◆ **What you should do**:
Take the data below and copy exactly the lines starting at the one with "PKNP FC Kits" and finishing at the one with "1971 Nissan 216X - AllCarIndex", both included.
*** Working data ***
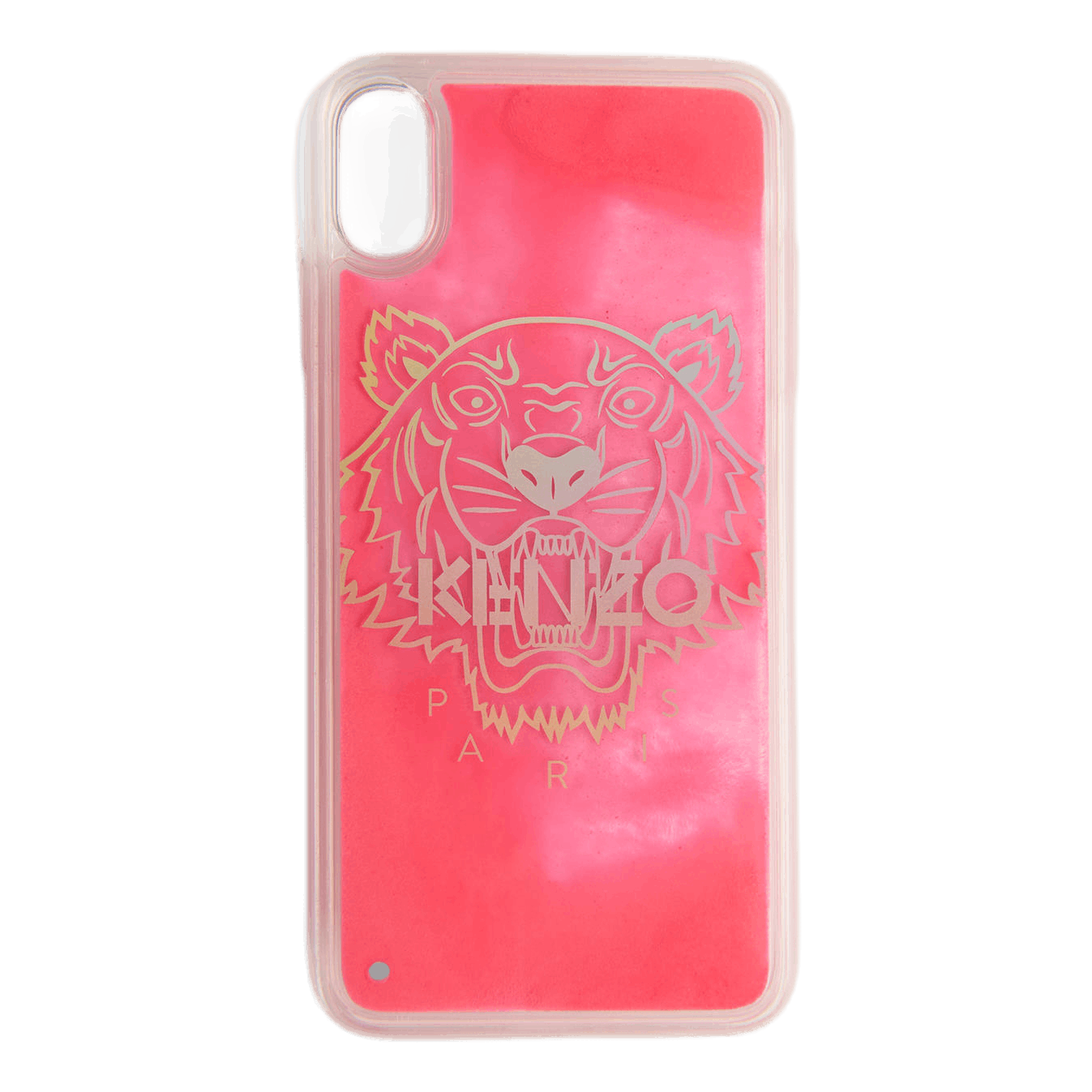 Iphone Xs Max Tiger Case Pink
*** End of Working data ***
*** Working data ***
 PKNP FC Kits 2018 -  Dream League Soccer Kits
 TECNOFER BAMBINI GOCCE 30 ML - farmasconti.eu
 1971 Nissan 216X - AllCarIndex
*** End of Working data ***
◆ **Result for this exercise**:
 PKNP FC Kits 2018 -  Dream League Soccer Kits
 TECNOFER BAMBINI GOCCE 30 ML - farmasconti.eu
 1971 Nissan 216X - AllCarIndex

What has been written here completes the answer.